Sei presidente di un circolo Anpi, organizzazione che porta avanti un complesso di valori fondanti della Repubblica, cioè i valori internazionalisti e al contempo patrioti della Resistenza. Che significa tutto ciò per un ragazzo nato e cresciuto per i primi anni dall’altra parte del mondo? Come si coniugano i valori sociali e nazionali dell’America Latina con quelli repubblicani e costituzionali italiani?

Significa ricordarsi tutti i giorni che bisogna parteggiare, prendere posizione rispetto al dibattito nazionale ed internazionale, quindi far parte del paese e lottare. Ricordarsi di difendere la Costituzione, perché io vengo da un paese dove c’è stata una rottura violenta e sanguinolenta della costituzionalità. In Cile dicono “Lotta anche se non ti manca niente, perché ad alcuni manca tutto”. Quando cresci a casa con una mamma che ti dice che bisogna aiutare anche se hai poco e ascoltando “Todos Juntos” di Los Jaivas capisci che siamo un unico popolo, inteso come umanità. Non c’è nessuna minoranza, siamo tutti uguali ed ognuno è diverso dall’altro. I valori non sono così diversi tra Italia e America Latina, ci sono valori universali come la solidarietà, il lavoro, la famiglia, l’amore, la terra, la Patria. L’unica grande differenza è che la nostra Costituzione sancisce quello per cui oggi in America Latina si combatte per le strade, quindi sanità, educazione, ambiente.

Secondo te, è possibile che stia già avvenendo un percorso di conquista di una nuova soggettività italiana, meticcia, creola, creata dalle seconde e terze generazioni?

Assolutamente, la musica è un esempio. Nel panorama italiano abbiamo Ghali, Mahmood, Rancore oppure Hell Raton. Artisti che ascoltano anche i ragazzi per strada, che contribuiscono alla formazione culturale dell’Italia, pensiamo a Ghali con “Cara Italia” che canta “T.V.B Cara Italia, mia dolce metà”. Sono gli esponenti e i costruttori di una cultura meticcia italiana, capace di arricchire e di integrare linguaggi diversi. Per non parlare solo della musica, anche il nostro DoPoLis fa parte di un processo molto ben pensato di inclusione. Da bambino non ce l’ho avuto, così quando vedo i bambini del quartiere dove abito che partecipano a questo progetto ne rimango colpito e mi tolgo il cappello davanti ai volontari.

Pare che il simbolo delle lotte per la legge di cittadinanza sia diventato ultimamente Giorgio Marincola. Il partigiano nero ha una carica evocativa potentissima. È un’icona nazionale e al contempo migrante, anti-coloniale, che polverizza i paletti etnici ma non nega le diversità. Da presidente di un circolo Anpi, perché credi che ai giovani italiani senza cittadinanza abbia colpito così profondamente questa figura della Resistenza?
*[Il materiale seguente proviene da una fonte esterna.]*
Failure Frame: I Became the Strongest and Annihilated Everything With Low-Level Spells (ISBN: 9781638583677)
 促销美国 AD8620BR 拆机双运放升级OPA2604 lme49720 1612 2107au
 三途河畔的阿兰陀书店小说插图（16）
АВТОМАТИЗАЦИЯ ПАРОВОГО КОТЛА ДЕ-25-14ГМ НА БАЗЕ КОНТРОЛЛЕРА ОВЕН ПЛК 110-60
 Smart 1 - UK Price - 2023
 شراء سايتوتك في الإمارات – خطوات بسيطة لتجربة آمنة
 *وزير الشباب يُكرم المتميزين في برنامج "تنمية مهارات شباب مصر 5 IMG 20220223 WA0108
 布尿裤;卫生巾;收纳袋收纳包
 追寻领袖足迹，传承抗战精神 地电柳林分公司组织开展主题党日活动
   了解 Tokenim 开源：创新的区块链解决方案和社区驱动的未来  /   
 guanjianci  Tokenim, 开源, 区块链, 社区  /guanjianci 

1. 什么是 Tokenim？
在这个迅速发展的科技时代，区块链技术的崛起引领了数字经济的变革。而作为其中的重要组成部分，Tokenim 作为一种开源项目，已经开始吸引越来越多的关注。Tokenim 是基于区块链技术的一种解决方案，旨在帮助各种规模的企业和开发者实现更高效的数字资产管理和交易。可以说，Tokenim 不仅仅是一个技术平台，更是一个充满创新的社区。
Perché si sono riconosciuti in una figura che non è tanto diversa da loro, un afroitaliano che ha combattuto per la Patria e per il popolo italiano, e sia chiaro la Patria per lui era la libertà e la giustizia. E’ un personaggio che evoca in loro l’Italia che vivono, sognano, respirano ma che ancora non è riconosciuta. Poi mica è facile credere che un altro mondo è possibile, ma se nel passato hai qualcuno che ha lasciato il segno, allora puoi iniziare a crederci e batterti. Come se fosse l’esempio da seguire e che ti fa dire “Lui si è battuto, ha contribuito ed è stato riconosciuto. Anche io lo voglio”. Quindi diventa il simbolo di una Patria che deve riconoscere i suoi nuovi figli, diversi ma uguali, che come me mangiano empanadas e bevono caffè all’italiana!